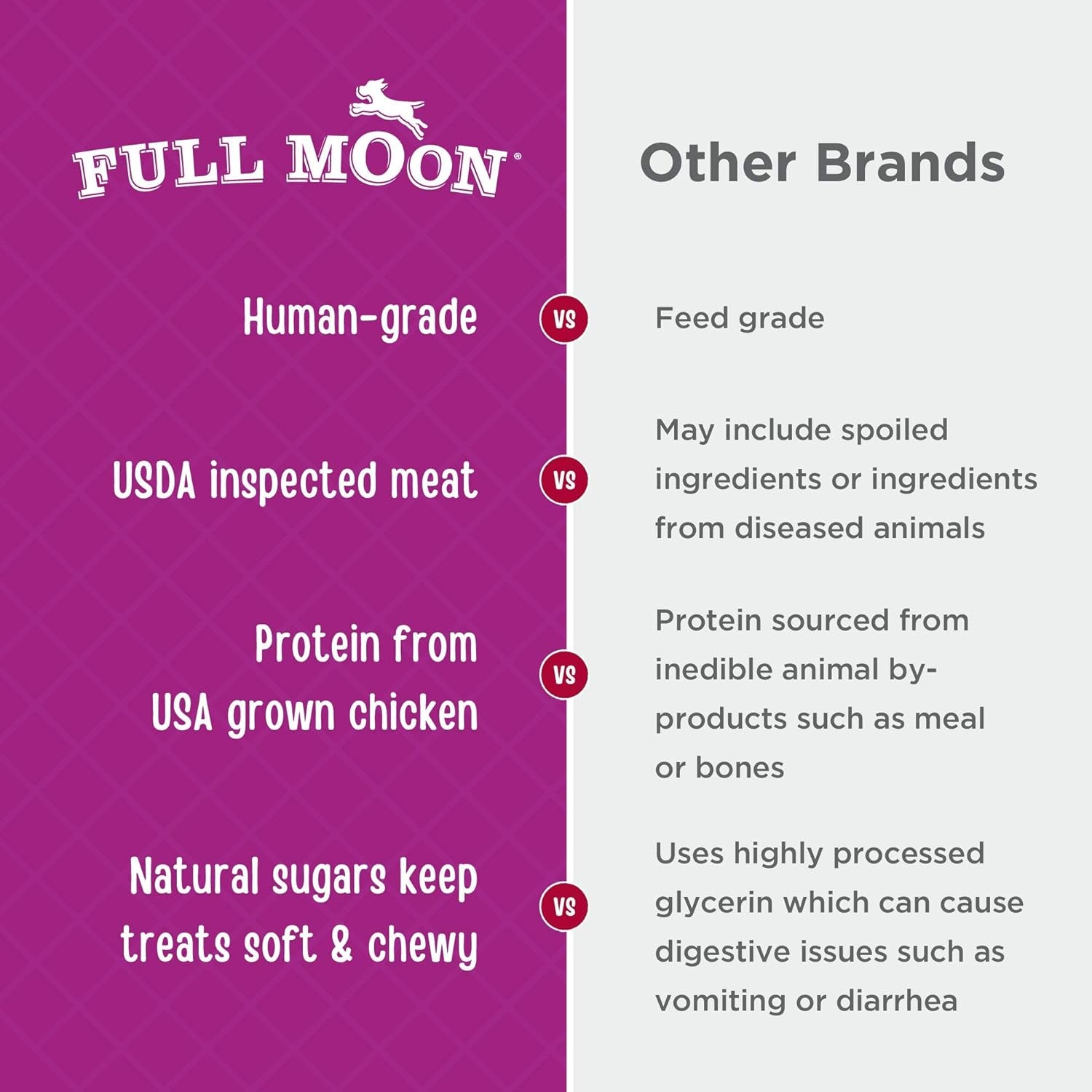 Chicken Nuggets Healthy All Natural Dog Treats Human Grade Made in USA 12 Oz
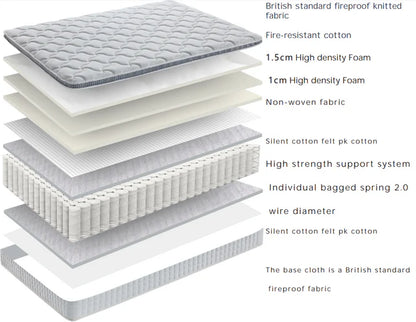 Nova Mattress 2000 Orthopaedic Support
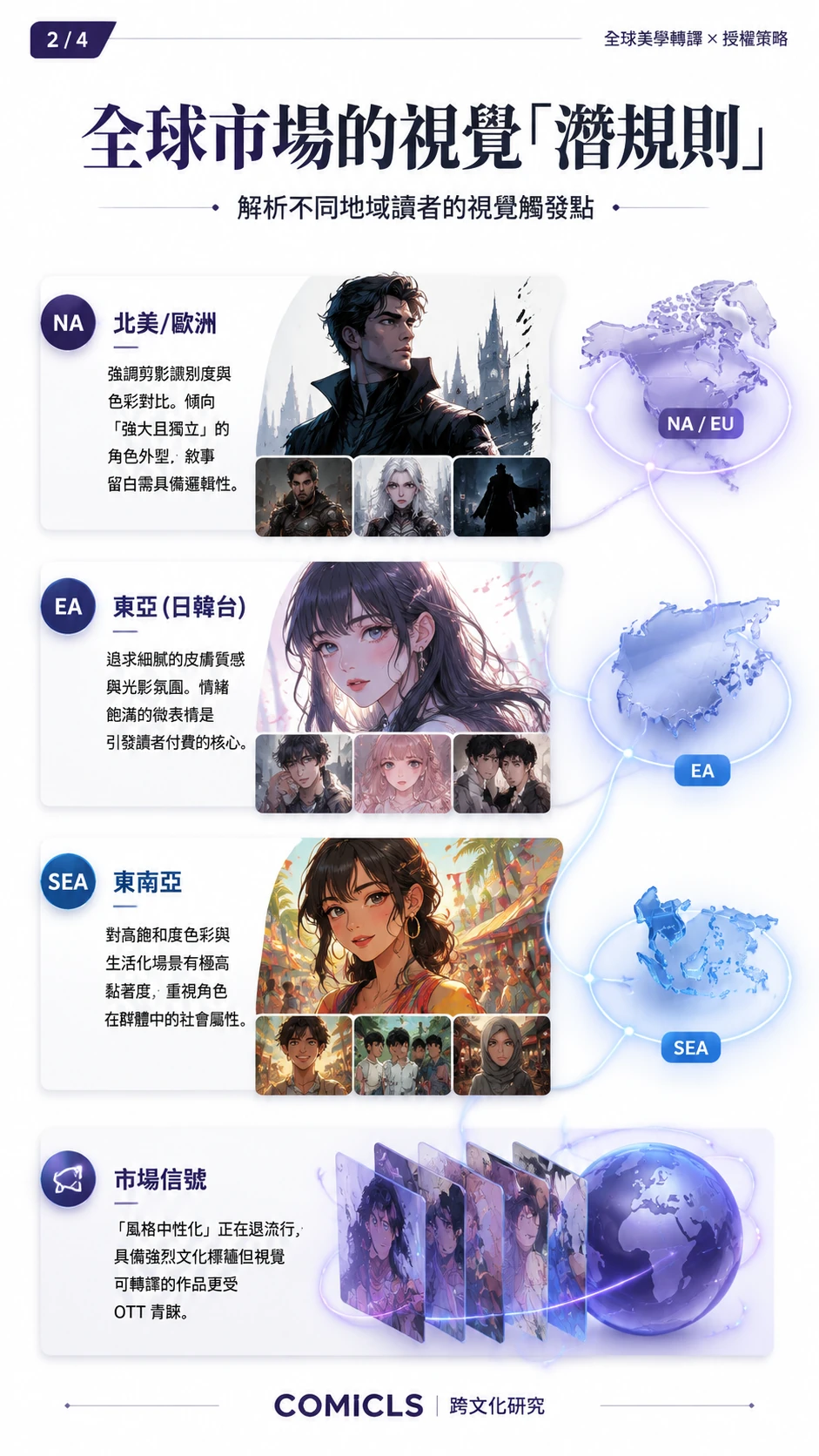 全球市場的視覺「潛規則」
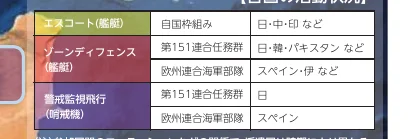 table 5x3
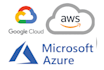 security audit your AWS azure cloud environment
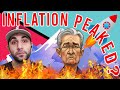 Did Inflation Peak? | Next FOMC & Rate Hikes Explained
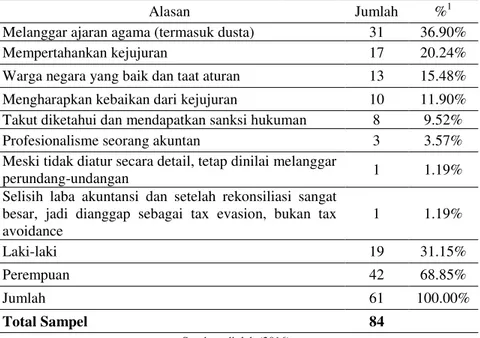 Detail Gambar Korupsi Orang Yang Melakukan Manipulasi Laporan Keuangan Nomer 30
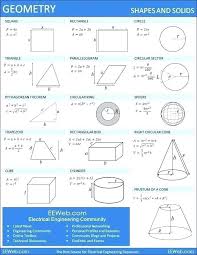 Maths Formula Diagram Akasharyans Com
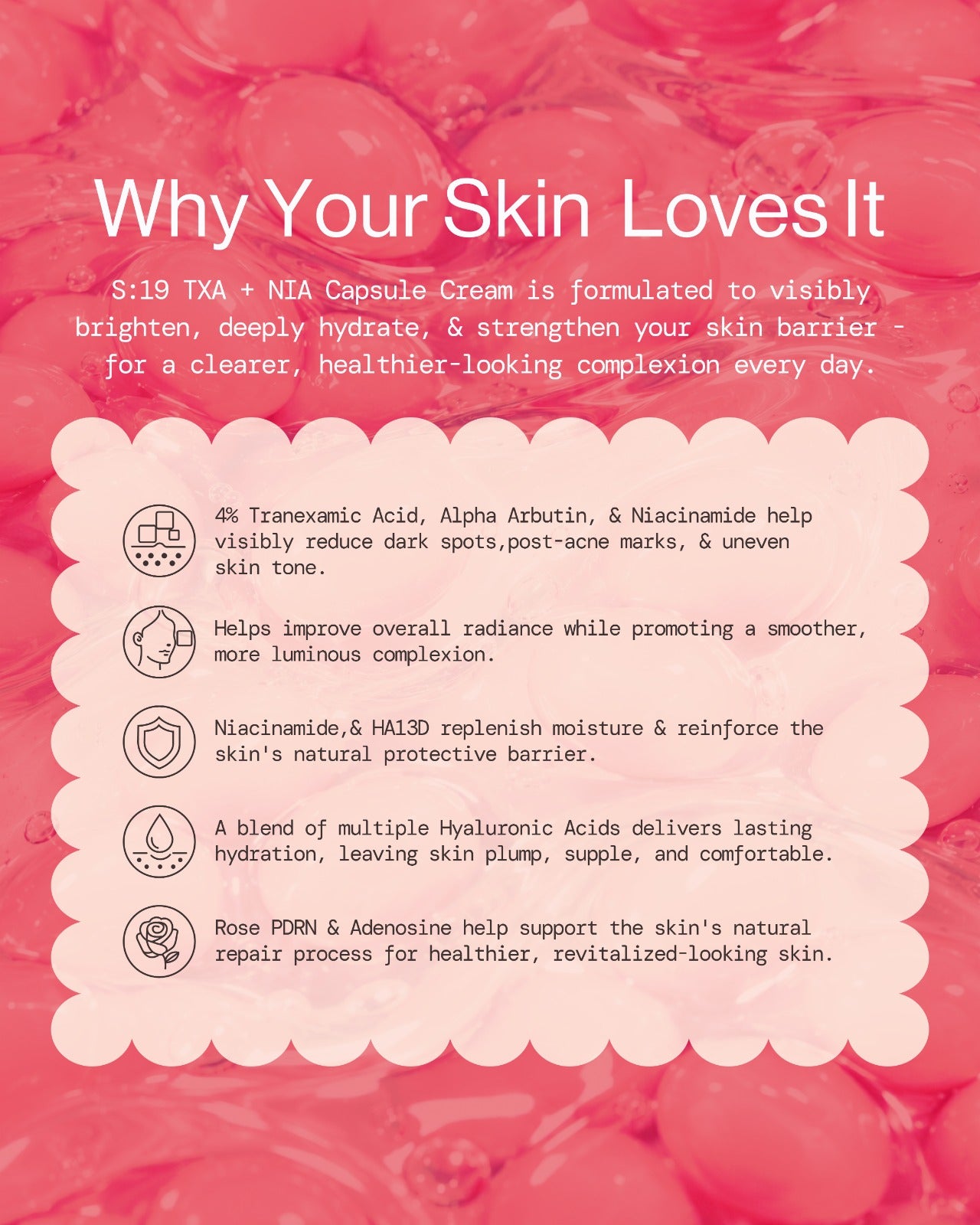 Key benefits of S19 TXA + NIA Capsule Cream for pigmentation and uneven skin tone
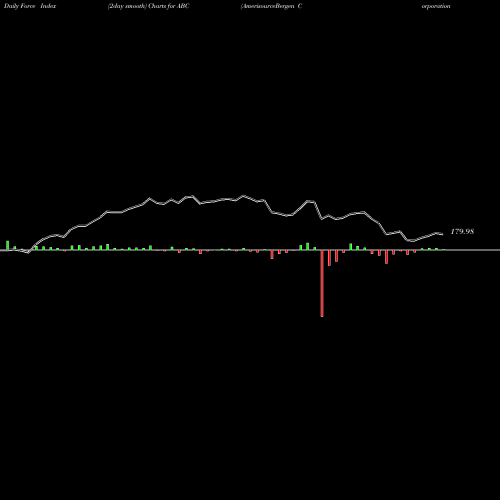 Force Index chart AmerisourceBergen Corporation (Holding Co) ABC share NYSE Stock Exchange 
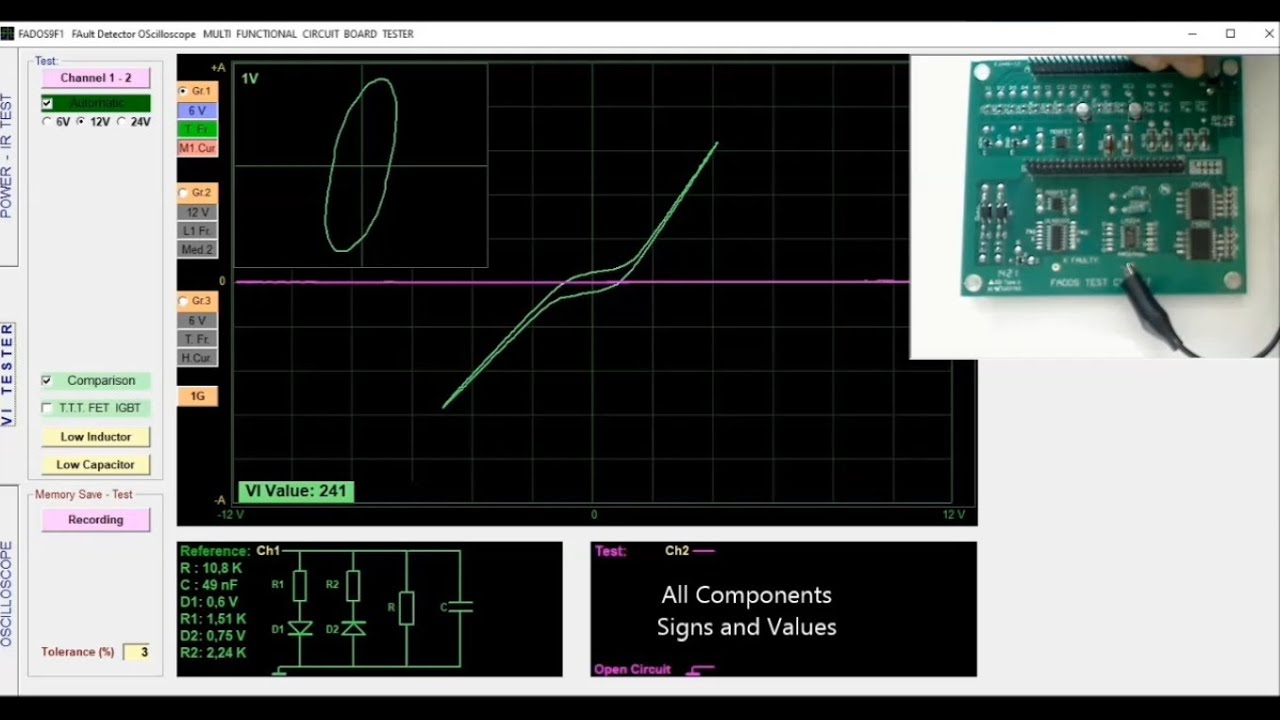 FADOS 9F1 Live Demo: CBT Electronic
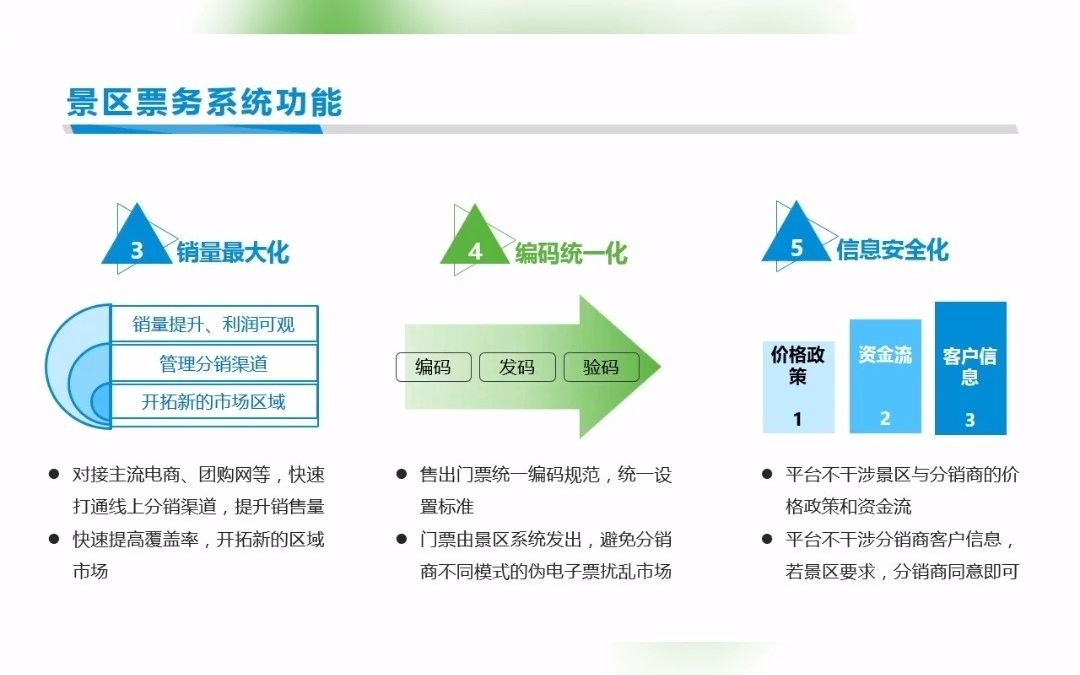 智慧景区票务系统方案,结合大数据为景区赋能,解决售票营销疑难哔哩哔哩bilibili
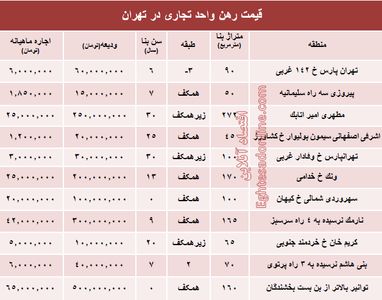 نرخ قطعی رهن واحد تجاری در تهران + جدول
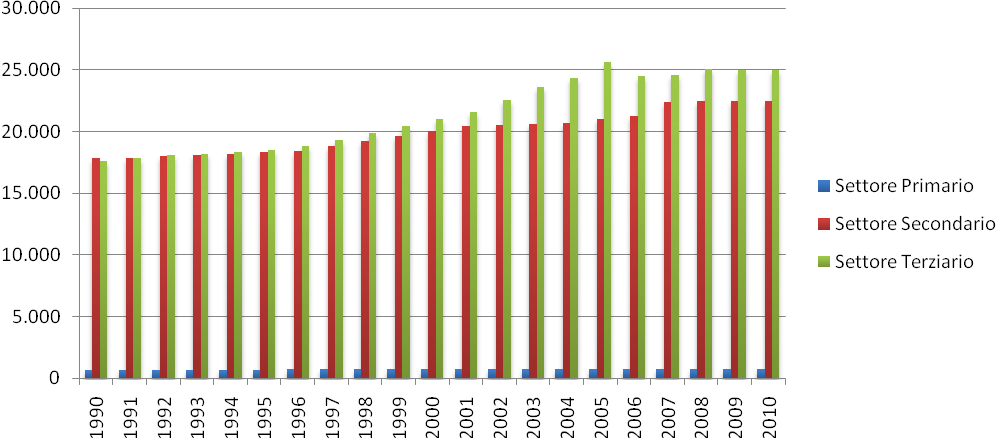 Occupati Per quanto riguarda i settori economici come inquadramento generale si riportano nel grafico seguente, i valori degli occupati del territorio comunale divisi nei vari settori economici.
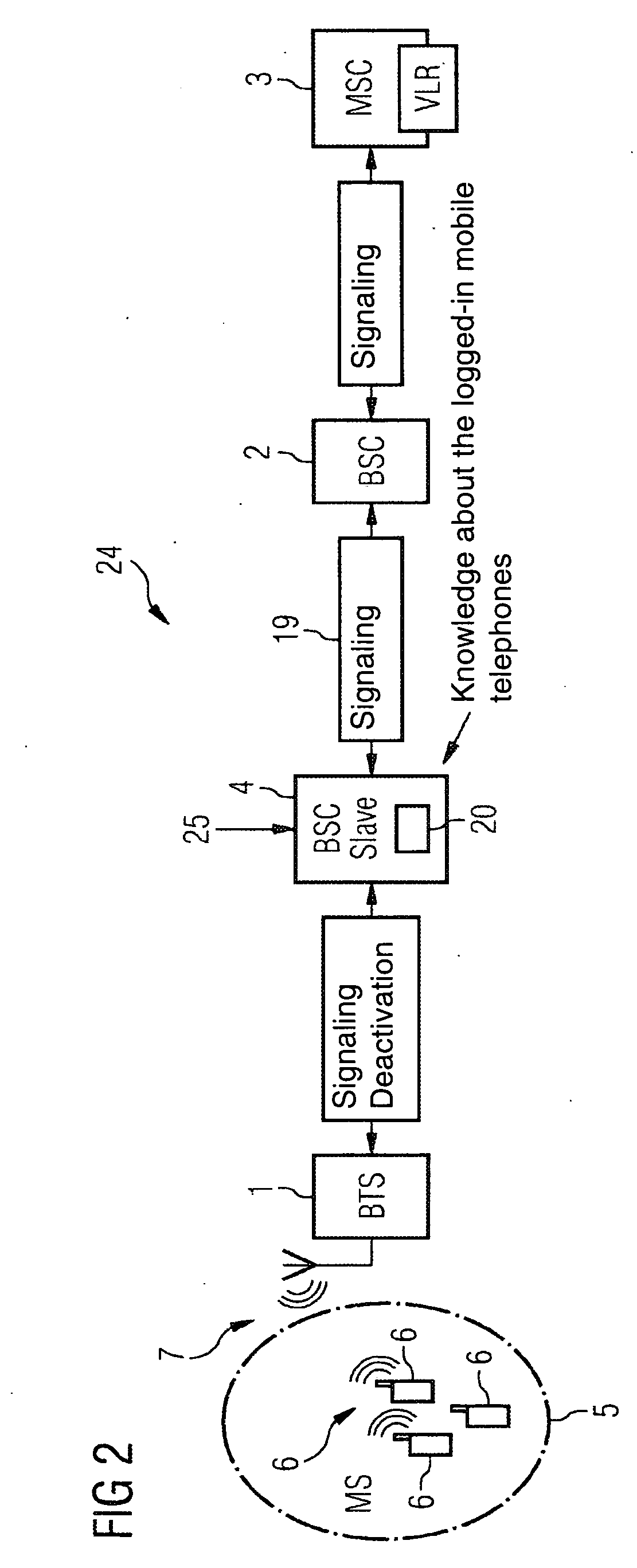 Method and Apparatus for Deactivating Mobile Radio Stations From the Network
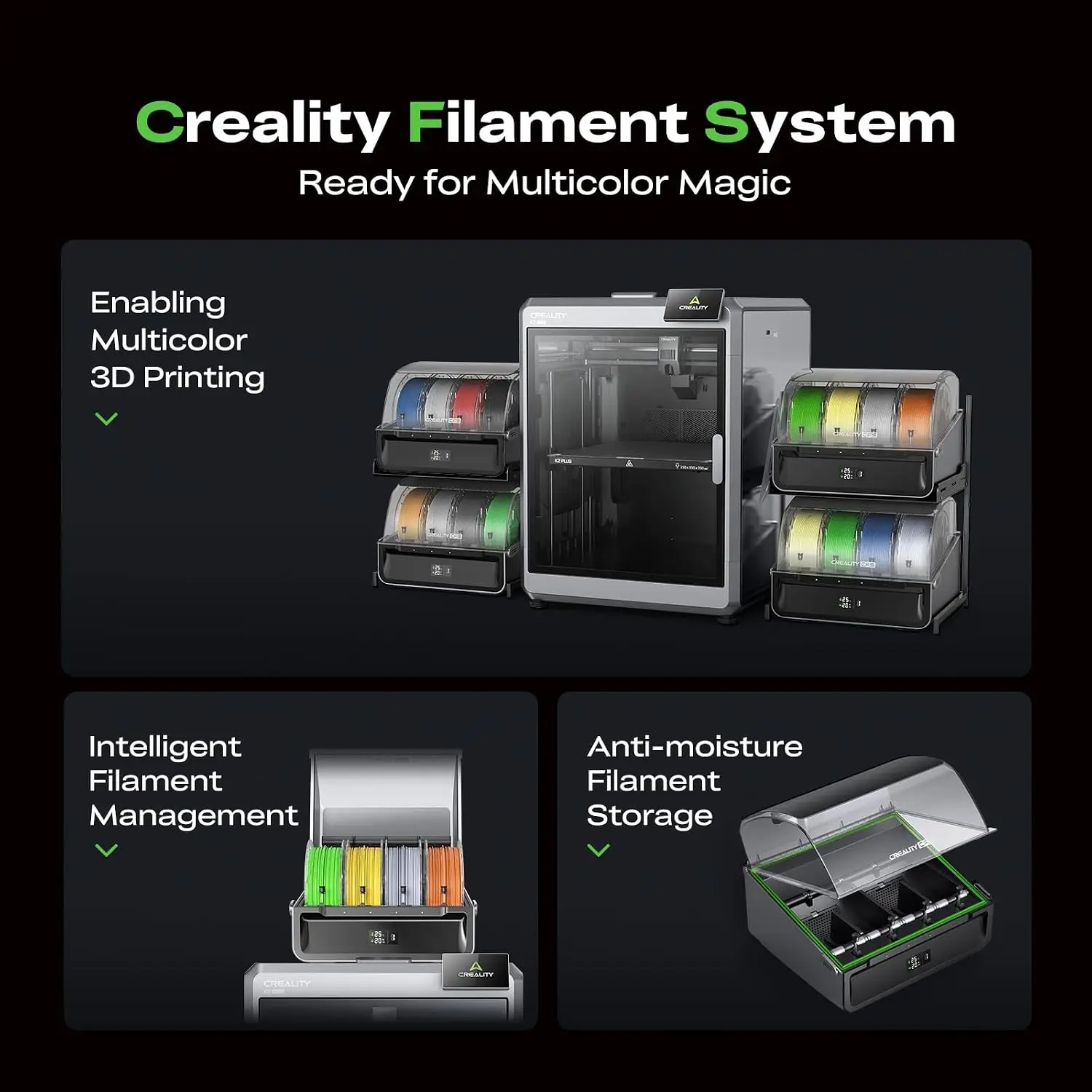 CFS Multi Color Auto Filament System Anti Moisture Filament Storage Auto Switch Run Out Alerts 4 Channel Parallel Printing 16 Co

**YOUR ASSIGNMENT**. Beginning with the line above that has "Key benefits of" and going on through the line that has "نرخ قطعی رهن واحد تجاری در تهران + جدول", retype every line exactly and add nothing else; drop the pictures.

**RESULT**.
 Key benefits of S19 TXA + NIA Capsule Cream for pigmentation and uneven skin tone
 Force Index chart AmerisourceBergen Corporation (Holding Co) ABC share NYSE Stock Exchange 
 FADOS 9F1 Live Demo: CBT Electronic
 智慧景区票务系统方案,结合大数据为景区赋能,解决售票营销疑难哔哩哔哩bilibili
 نرخ قطعی رهن واحد تجاری در تهران + جدول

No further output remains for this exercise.